Strawberry & vanilla shortcakes image

Encapsulate British summertime with these cute little shortcakes, perfect piled high with clotted cream and jam

Provided by Jane Hornby

Categories     Afternoon tea, Dessert, Treat

Time 27m

Yield Make 8

Number Of Ingredients 11

350g self-raising flour , plus extra for dusting
100g butter , cold, cubed
100g caster sugar
1 vanilla pod , seeds scraped
100ml milk , warmed
1 egg , plus a little extra beaten egg for glazing
squeeze lemon juice
1 tbsp icing sugar
227g tub clotted cream
250g strawberry , tickly sliced
strawberry jam (see 'goes well with' for recipe, or buy ready-made)

Steps:

  • Heat oven to 220C/fan 200C/gas 7 and lightly flour a baking sheet.

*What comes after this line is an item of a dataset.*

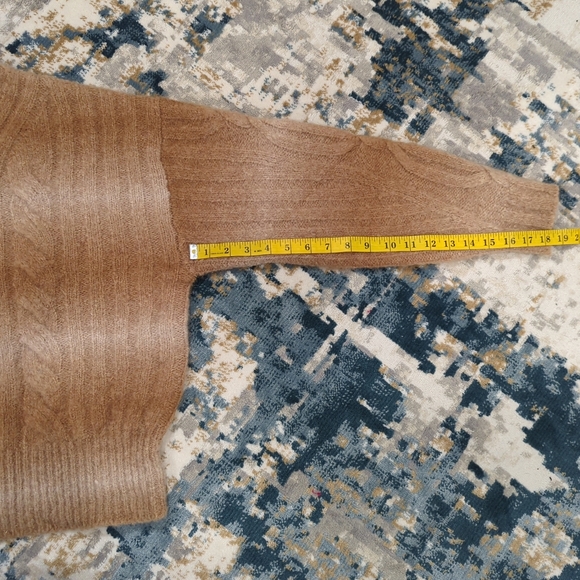 Banana Republic Tan Cream Italian Alpaca Yarn Cozy Cable Knit Sweater - W Size M - Picture 11 of 12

Put the flour, butter, sugar, half of the vanilla seeds and ¼ tsp salt into the bowl of a food processor, then pulse until fine. Tip into a large bowl. Beat the milk, egg and a good squeeze of lemon together, then tip into the bowl and bring together with a knife, using a cutting action, until you have a clumpy dough. Finally bring together with your hands if you need to.
  • Lightly flour the work surface, tip the dough onto it, then quickly shape into a smooth-ish disc. Using a rolling pin, pat out to 2cm thick. Cut out 8 rounds with a smooth 7cm cutter (you'll need to pinch together the trimmings). Glaze just the tops with beaten egg, transfer to the floured sheet, then bake for 10-12 mins until risen and golden, and they sound hollow when tapped on the bottom. Cool on a wire rack.
  • Beat the remaining vanilla seeds and icing sugar into the clotted cream. It will get runnier at first, but keep beating and it will thicken again. To serve, slice the very top from each shortcake to give a flat surface, then spoon over about 1 tsp jam. Top with a good dollop of the vanilla clotted cream and finish with the strawberries.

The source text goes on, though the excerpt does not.